In a landmark move, global cryptocurrency exchange OKX has become the first to receive a full Virtual Asset Service Provider (VASP) license from Dubai’s Virtual Assets Regulatory Authority (VARA) making it the first global crypto exchange to achieve this milestone.
While OKX currently offers limited services in Dubai through a preparatory license, the new VASP license signifies a green light for full functionality.
The license will allow OKX to offer regulated trading services to investors in the United Arab Emirates (UAE), including spot and fiat trading, local currency deposits and withdrawals, and spot trading pairs with the UAE dirham (AED).
These services will be available to both retail and institutional users, subject to regulatory verification and approval.
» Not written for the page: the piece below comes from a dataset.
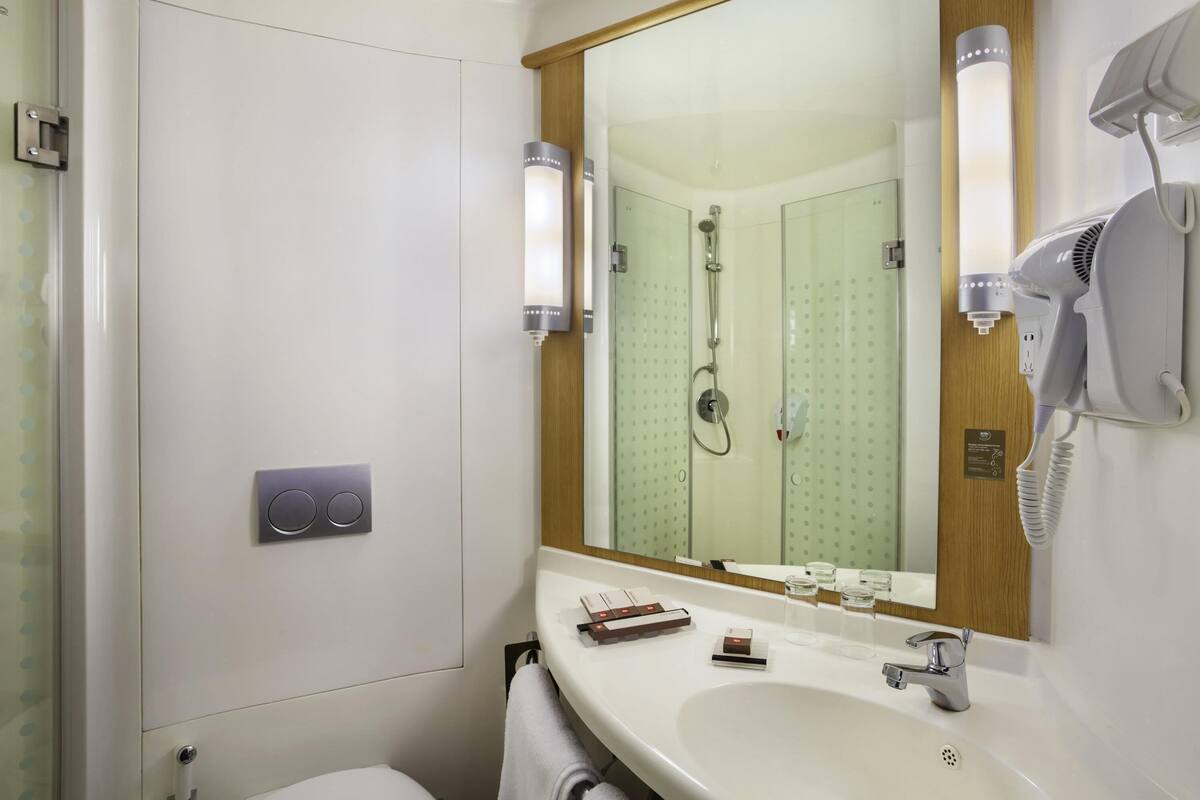 A bathroom with a large mirror, a hairdryer, a sink, and a shower.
Experts view this development as a major validation of Dubai’s ambitions to become a global hub for the crypto industry since the Emirates has actively pursued a welcoming framework for virtual assets, attracting numerous crypto companies and establishing itself as a center for innovation and investment.
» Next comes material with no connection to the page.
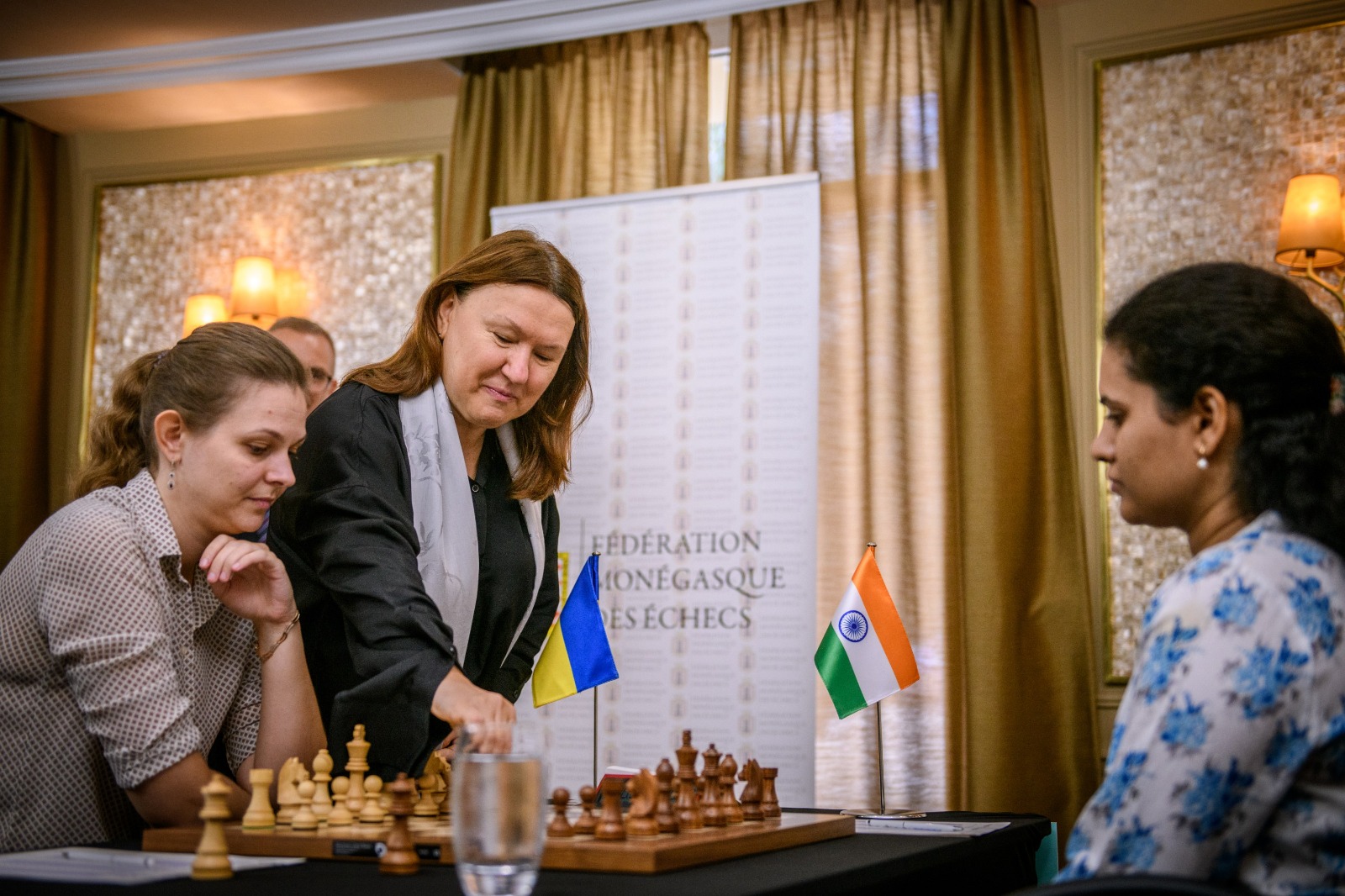 International Chess Federation on X: Louis Starck, General Manager of the  Hermitage Hotel (@MonteCarloSBM), and Inna Bazhenova, publisher of  @TheArtNewspaper Group, made the ceremonial first moves today for Mariya  and Anna Muzychuk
OKX’s General Manager for the MENA Region, Rifad Mahasneh, mentioned that the VASP license is a game changer for the company, as it will enable it to provide a secure and compliant platform for crypto enthusiasts in the region.
VARA is the regulatory body that oversees the virtual asset sector in Dubai, which is part of the Dubai International Financial Centre (DIFC), a leading financial center in the Middle East, Africa, and South Asia.
With the VASP license in hand, OKX is poised to play a leading role in shaping the future of crypto in Dubai and beyond.
OKX is the sixth largest crypto exchange in the world by trading volume, according to CoinMarketCap. The exchange, which is based in Seychelles, has also registered entities in Hong Kong and Malta, and has complied with the new crypto regulations in the United Kingdom.
OKX offers more than 16,000 cryptocurrencies on its platform and supports various features such as spot and margin trading, derivatives, lending, staking, mining, and more.
Finally, this development is likely to be closely watched by other exchanges and industry stakeholders, potentially fueling further regulatory advancements and wider adoption of cryptocurrencies in the region.